Desconectó el timbre y el teléfono, tomó un baño de inmersión y se acostó a dormir. Nunca confirmó si la puerta fue efectivamente pateada o ella creyó escuchar esos sonidos entre sueños.
Por la mañana, la despertaron las manecitas de Diego sobre su cara y la vocecita con que pedía dulcemente: mami, la leche.
Después del desayuno, Elisa conectó el teléfono y aguantó a pie firme y bayoneta calada la catarata de mensajes de Héctor, sus suegros y sus padres (los de ella).
Inmediatamente, llamó a su amigo Pedro, abogado civil, lo puso al tanto, le pidió que se comunicara con Héctor y que comenzara, a partir de ese momento, a representarla ante él.
Y se sentó a explicarle a Diego lo que estaba ocurriendo.

Exactamente una semana después, Diego tuvo otra vez anginas, tan severas y estragantes como siempre. Y Elisa se asustó mucho. Su pediatra criterioso -ese que siempre se negara a considerar a Diego como un chico enfermo solo porque padecía de anginas-, puesto al tanto de la situación, dijo: La superación de los procesos psicosomáticos no es mecánica ni automática. Ya veremos cómo se desarrolla y se resuelve esto.

¡Veinte años! –exclamó Elisa- ¡Hacía exactamente veinte años que Diego no tenía anginas!

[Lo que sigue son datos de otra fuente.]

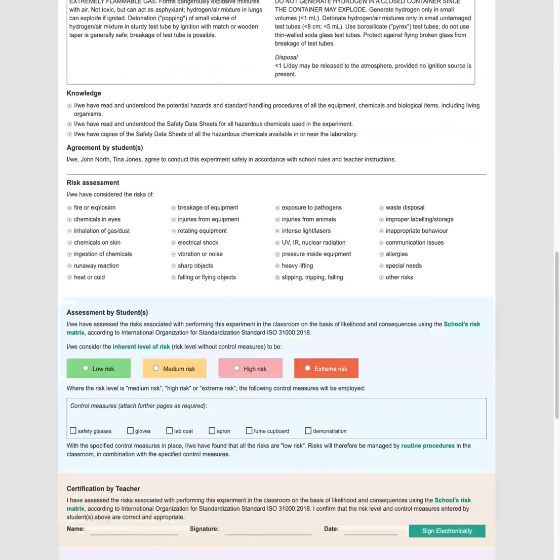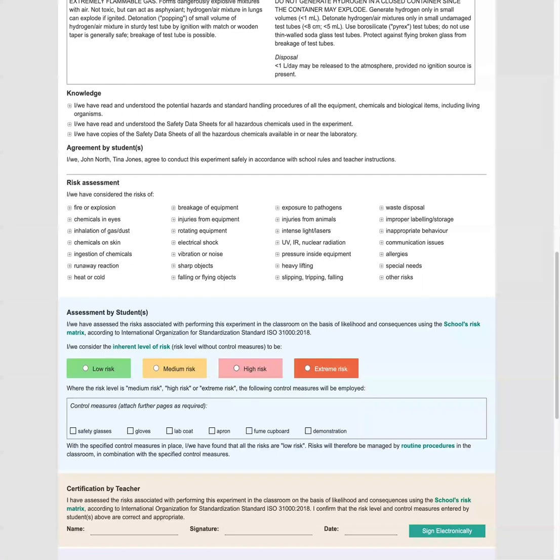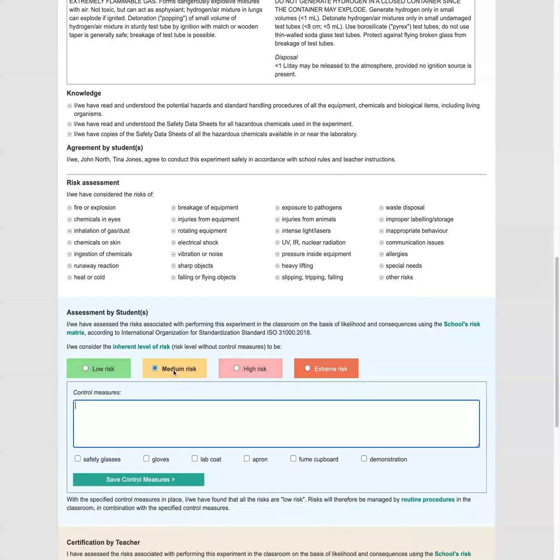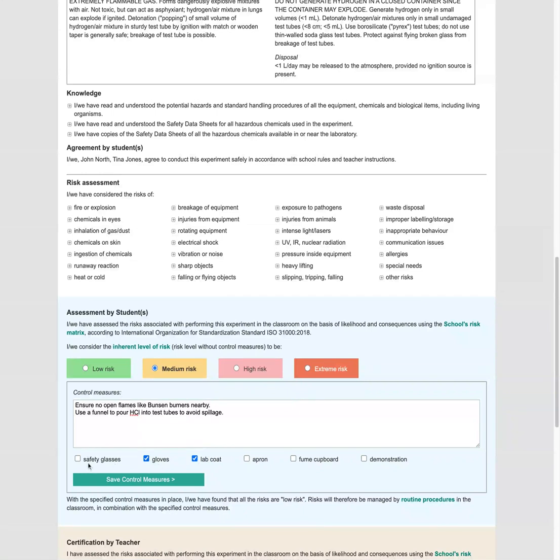So for any activity where the risk level is not low, control measures must be put in place to lower the risk level to low risk. The idea is to introduce enough control measures so that the risk level for the experiment with the control measures in place is reduced to low risk. So let's say that before control measures, the risk level is medium. Now let's pop in some control measures. So we'll say we don't want to have anything happening near open flames with the hydrogen gas generated. We'll use the funnel to get the HCL in so that we don't spill it anywhere. And we're going to protect ourselves with some gloves and a lab coat and safety glasses.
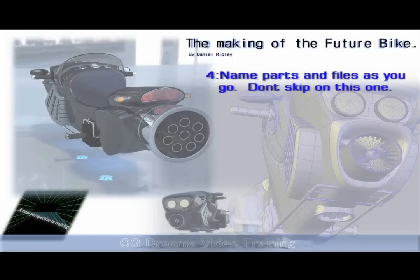4. Name things as you go. Don't skip on this as when you've got loads of parts of files you'll be glad that you did rename or name all your files.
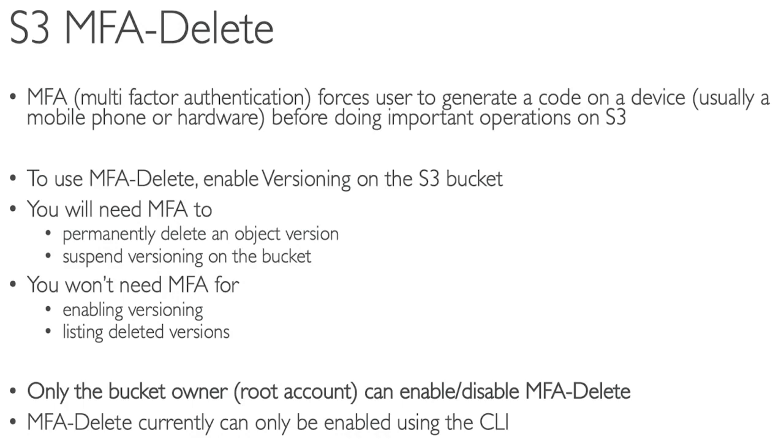To use MFA Delete, you need to enable versioning on the S3 bucket. You will also need MFA to permanently delete an object version or suspend versioning on a bucket.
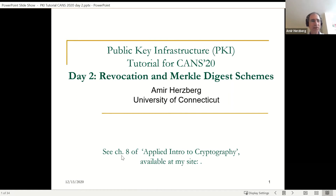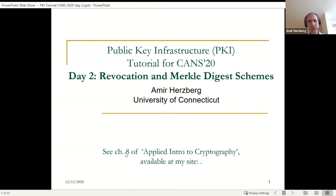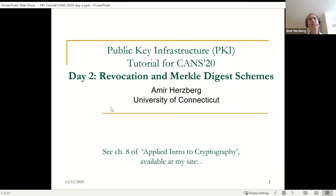Let me also quickly mention that if you want to see more details of all the stuff I'm talking about, they're all covered in a textbook I'm working on — Applied Introduction to Cryptography — it's all available online. You're welcome to look it up. If you have any comments or suggestions, please do send them because it will probably be published in the next year.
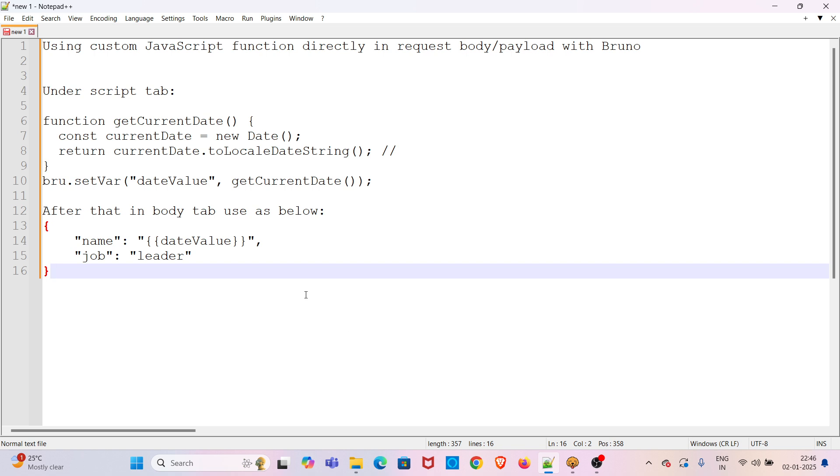Hi everyone, welcome to my YouTube channel The Testing Instinct. In this video I will be discussing using custom JavaScript functions directly in request body or payload with Bruno.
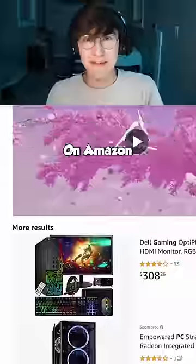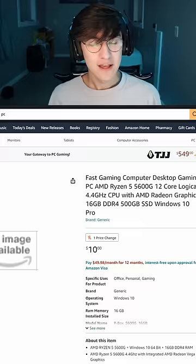There is a $10 gaming PC on Amazon, but this is the image. So now I am extremely curious what would happen if I bought this.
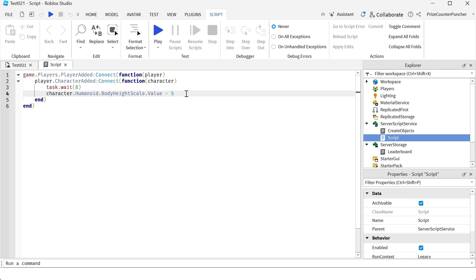The default body height scale is around 1, we're changing the value to 5, so the character is gonna be 5 times taller after 8 seconds.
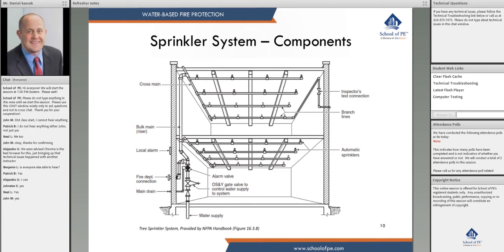Cross mains are mains attached directly to branch lines. Branch lines are piping with sprinklers — you can see sprinklers at the ceiling connecting to a branch line, which ties into a cross main, which ties into a feed main. We also put an inspector test connection in so we can test the flow of water and the alarms.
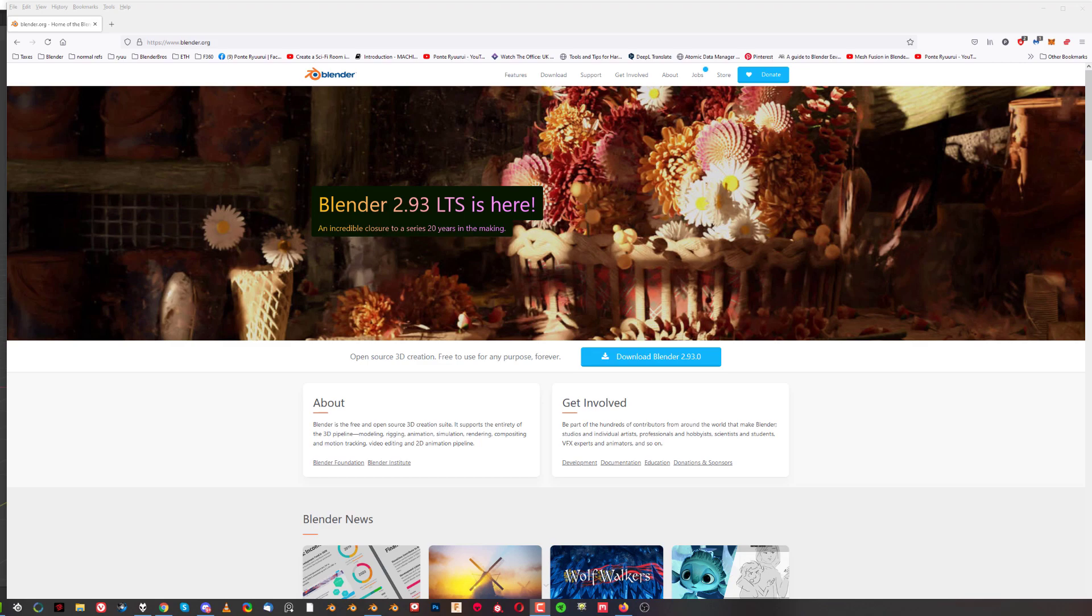Hey guys, here with Maravit for Blender. In this one we're going to be talking about which version of Blender you should be using. Now if you go to the Blender website, you're going to be greeted with this download Blender icon and you can also download it here.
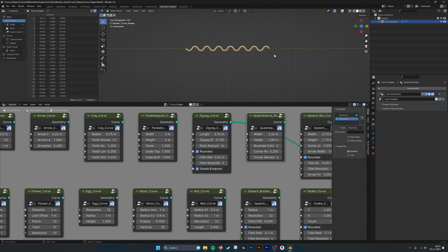Then we have the cog curve. Here you can set the radius, and also how wide the teeth should be, or how long. Also the top of the teeth — how big they should be — so you have enough control over how to create cogs.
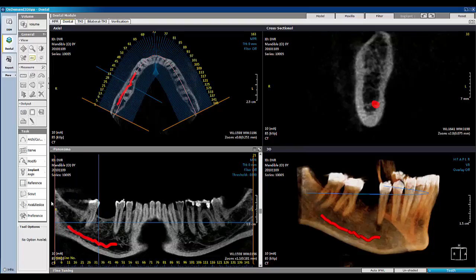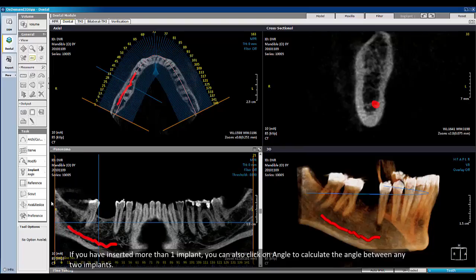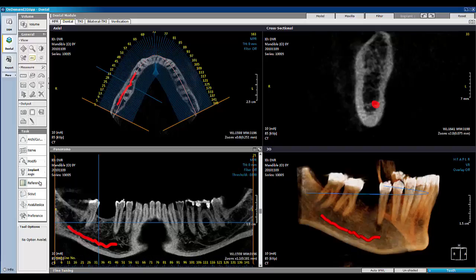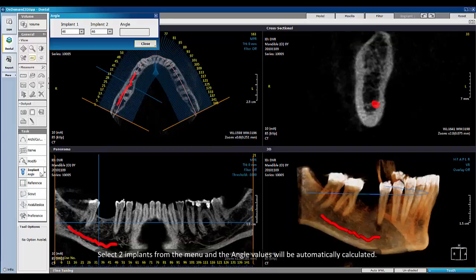If you have inserted more than one implant, you can also click on Angle to calculate the angle between any two implants. Select two implants from the menu and the angle values will be automatically calculated.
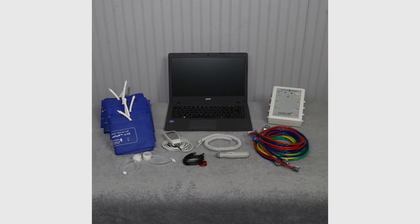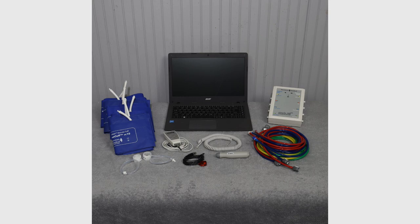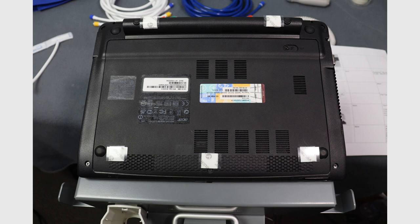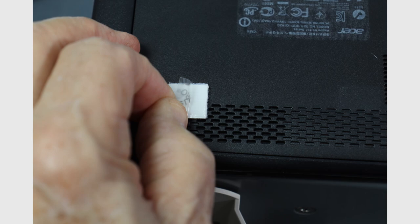Unpack the Neumann Medical Cufflink ABI system and arrange in an orderly fashion. The computer is attached to the computer tray using Velcro tabs attached to the bottom of the computer. Remove the material covering the adhesive and place in position.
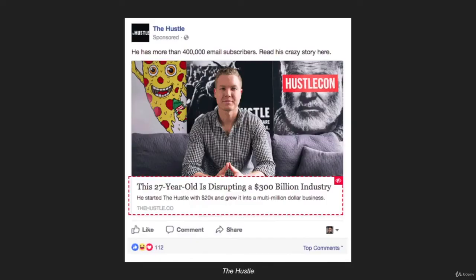Here is an ad — the headline says: 'This 27-year-old is disrupting a $300 billion industry.' What makes this so effective is obviously the word disrupt, but it's accompanied by '27-year-old' and '$300 billion industry.' You wouldn't normally think those two things go together. They're bringing two polarizing things together with the word disrupt, and it makes you want to click through, read what it's about, and subscribe, purchase, or do whatever they're wanting you to do on the other side of the ad.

Veinte años en los cuales Diego completó su escolaridad. Eligió una carrera que lo apasiona e ingresó en la Universidad, pero siempre cultivando su otra pasión: el fútbol. Tiene amigos. Trabaja en el estudio contable de un amigo de su papá. Planea irse a vivir solo cuando termine la Facultad. A su papá lo ha tratado regularmente durante todos estos años, con mucho cariño mutuo.

Héctor volvió a casarse, con la señora “Horas Extras” (o sea, el verdadero motivo de aquellas reiteradas ausencias de Héctor de su hogar).
Padre e hijo van juntos a la cancha, y Diego dispone de una habitación para quedarse a dormir en la casa paterna, pero no puede compartirla con Ana, su novia. Porque la Señora “Horas Extras” dice que no le gustan esas cosas.

Por su parte, Ana, la novia de Diego, comenta que Elisa perfila como una suegra bastante piola, porque ella sí le permite quedarse a dormir en su casa, a pesar del metejón que tiene con “el nene”.
Y se alegra de que Elisa haya vuelto a formar pareja con Juan, un tipo que también parece macanudo y que se lleva muy bien con Diego.

Según le ha contado Diego, Juan es el médico pediatra que lo atendía cuando Diego era chiquito, y parece que empezó a salir con Elisa después de que ella se separó de Héctor.